Otóż:1. Przed złodziejskim rozwodnieniem i rozdziałem nowych akcji pomiędzy prezesa tej szajki oraz jego dwóch funfli z zarządu było 366 tysięcy akcji, które w szczytowym momencie po świetnych wynikach finansowych były warte po 24-27 zł sztuka i nikt za więcej nie chciał kupić.
2. Kapitalizacja wtedy wynosiła ~8-10 mPLN, czyli dla kupujących nieźle patrząc na wskaźniki...
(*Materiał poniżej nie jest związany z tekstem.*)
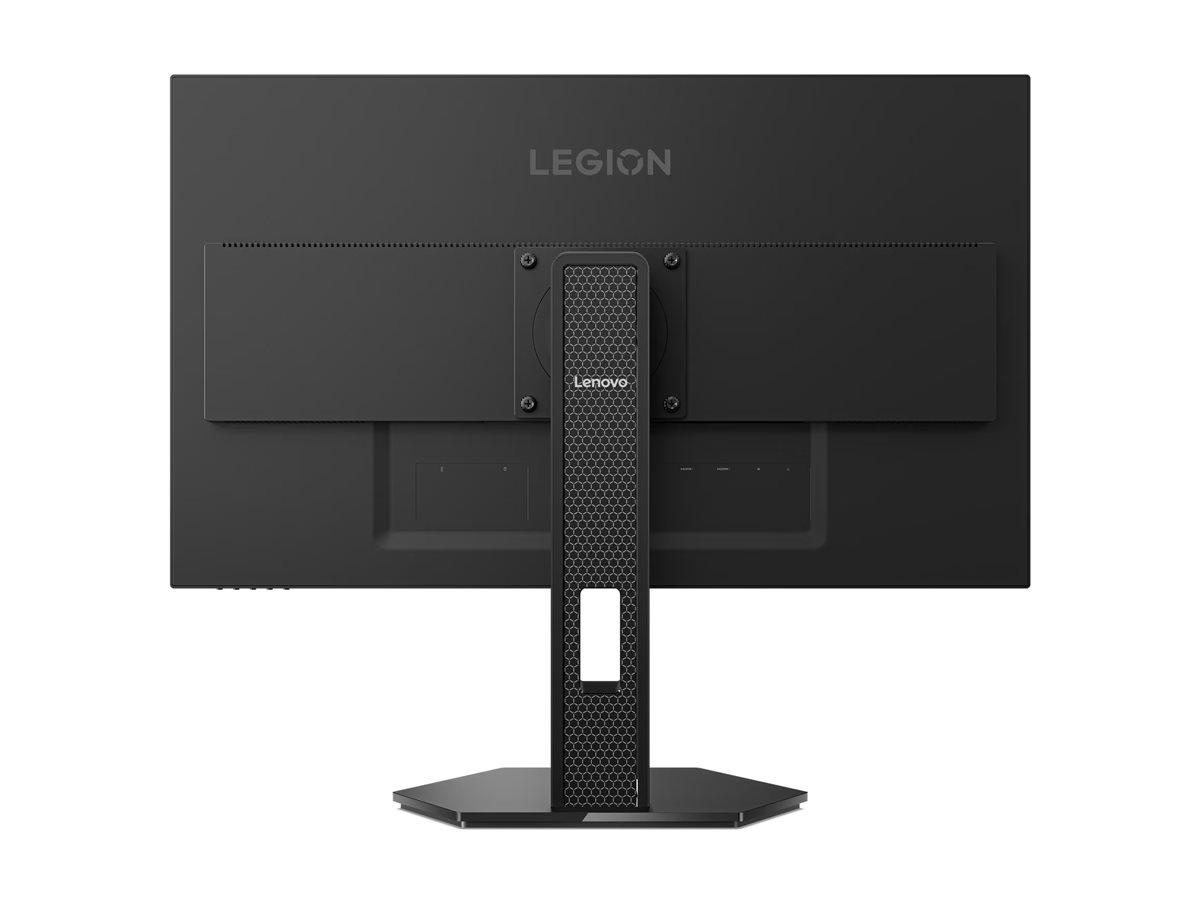 Lenovo Legion 27-10 27 IPS 1920x1080/16:9/300 nits/DP/HDMI/Black/3Y Warranty | Lenovo - Image 13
3. Nagle z 0,37 miliona akcji zrobiło się 7,418 miliona akcji, a cała nowa emisja została rozdzielona pomiędzy zarząd i podmioty związane. Zwykły przekręt - wy#@$%#nie drobnych akcjonariuszy, nie wszedł żaden nowy inwestor, nie ma wpływu nowego kapitału.
4. Czyli każdy drobny akcjonariusz przez ten ruch został przez tą "emisję" pozbawiony co najmniej 19/20 swojego udziału w spółce, przyszłych zyskach, 19/20 ewentualnej dywidendy, itp.
5. Podejrzewam, że sobie panoczkowie wypłacą wcześniej, czy później rzeczoną dywidendę i musieliby w takiej sytuacji podzielić się kilkoma procentami z drobnymi akcjonariuszami, więc dopilnowali sprytnie, żeby ulica dostała mniej niż 1% ich szekli.